「頭痛が痛い」「違和感を感じる」「歌を歌う」…重言のセーフとアウトの境界線は?【言語学者が解説】
こんなふうに、モノなのか出来事(行為)なのかで解釈が変わる名詞は少なくない。 たとえば「食事」も、食べる行為を表すこともあれば、食べ物を表すこともある。前者のように解釈すれば「食事を食べる」は不自然になるが、後者だとある程度は許容できそうだ。実際、会食(=食べる行為)の意味で「取引先との食事を食べた」と言うのはかなり不自然だが、「食卓に用意された食事(=食べるモノ)を食べた」だと、けっこう自然になる(ただし個人の感覚です)。 「違和感を感じる」に違和感を感じる人と感じない人の違いも、これで説明できるのではないか。 つまり「違和感」を「何かを感じるという出来事」として捉えている人は、「違和感(=感じるという出来事)を感じる(=感じるという出来事)」となるので、結果として冗長だと感じる。

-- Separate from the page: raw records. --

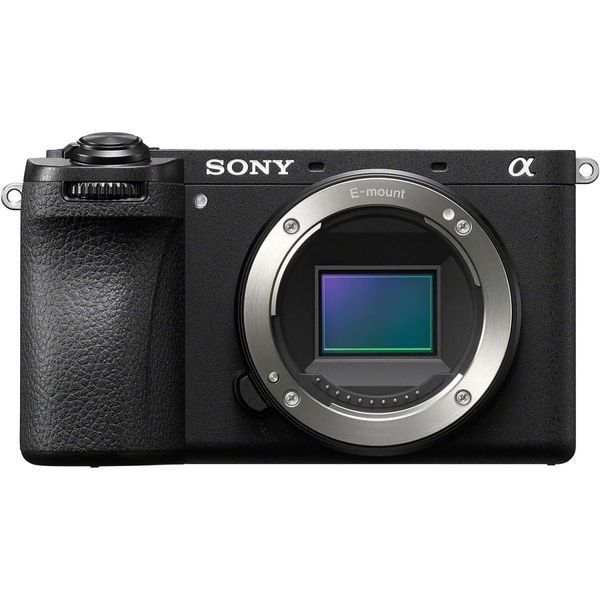 Sony Alpha A6700 kit (18-135mm) (ILCE6700MB.CEC) 356787 фото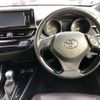 toyota c-hr 2018 -TOYOTA--C-HR DAA-ZYX10--ZYX10-2142653---TOYOTA--C-HR DAA-ZYX10--ZYX10-2142653- image 7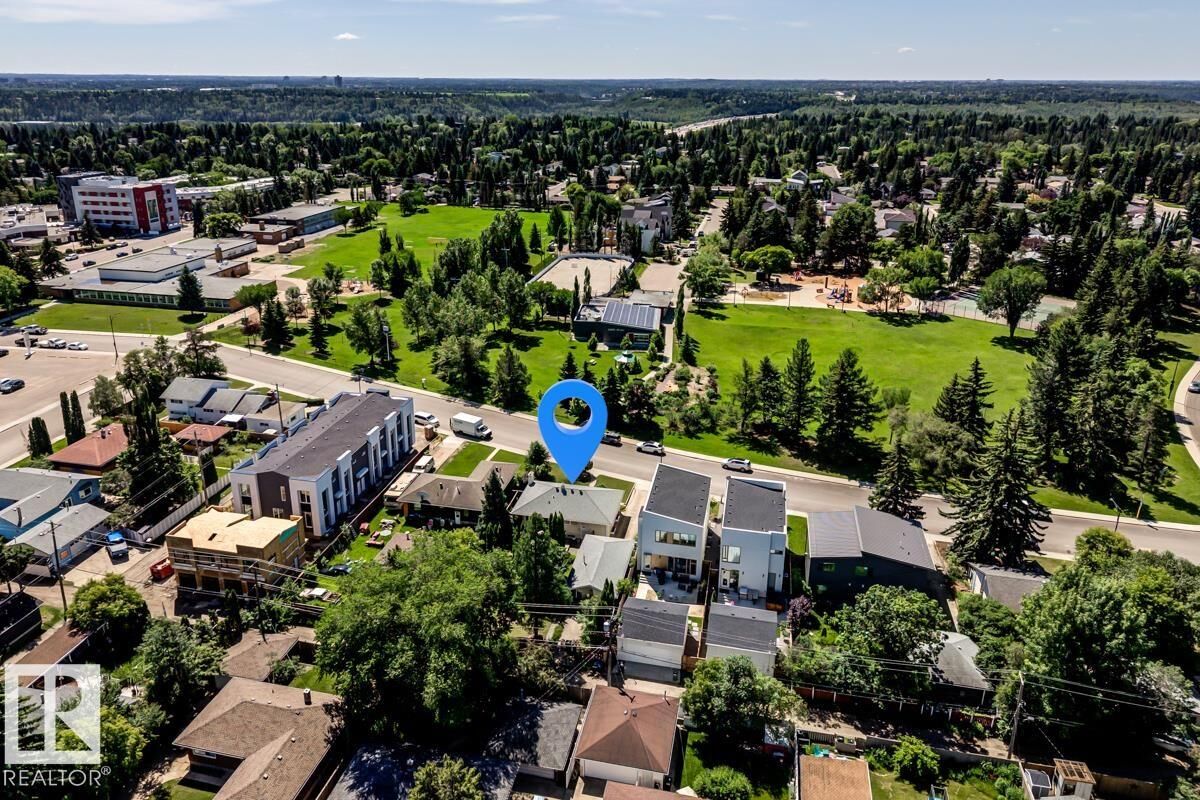 Property Photo: 14412 85 Ave NW AB T5R 3Z3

他方、私のようなタイプは、「違和感」をモノ、つまり感じる対象として捉えており、「違和感(=感じるモノ)を感じる(=感じるという出来事)」と解釈しているために、冗長さを感じないのではないか。 と、ここまで書いたところで、自分が「嫌悪感を感じる」という表現をかなり不自然だと思うことに気がついた。自分だったら「嫌悪を感じる」と言うような気がするし、「嫌悪感」と言った時点で「嫌悪を感じること」がすでに入っているような気がする。 「違和感を感じる」がアウトな人の感覚も、これと同じなのかもしれない。
● 「頭痛が痛い」「馬から落馬する」も 場合によっては不自然さが軽減 ダメな重言の例としてよく引き合いに出されるのが、「頭痛が痛い」と「馬から落馬する」だ。しかしこれらも場合によっては不自然さが軽減する。たとえば、「長年悩まされてきた持病の頭痛が今朝はひどく痛い」とか「暴れ馬から落馬した」とか言えば、私の感覚ではかなり自然になるように思う。つまり情報量が増えれば、意味の重複があまり気にならなくなるようだ。 また、私の感覚では、シンプルに「頭痛が痛い」と言うのは変だと思うし、同様に「胃痛が痛い」もかなり変だ。しかし「偏頭痛が痛い」とか「腰痛が痛い」、「筋肉痛が痛い」、「神経痛が痛い」あたりになると「別によくね?」となる。 さっきの理屈で言えば、「頭痛」「胃痛」は「頭(あるいは胃)が痛いという出来事」に取りやすく、「偏頭痛」「腰痛」「筋肉痛」「神経痛」の方はよりモノに近いのかもしれない。 あと、「馬から落馬する」タイプの言葉がすべて不自然だとは限らない。個人的には、「会社に入社する」「車に乗車する」「山から下山する」「部屋に入室する」などは、けっこう普通に言う気がする。 さらに、情報量を増やして「第一志望の会社に入社した」とか「迎えに来た車に乗車した」、「富士山から下山した」、「面接室に入室した」などと言えば、私はほとんど不自然さを感じない。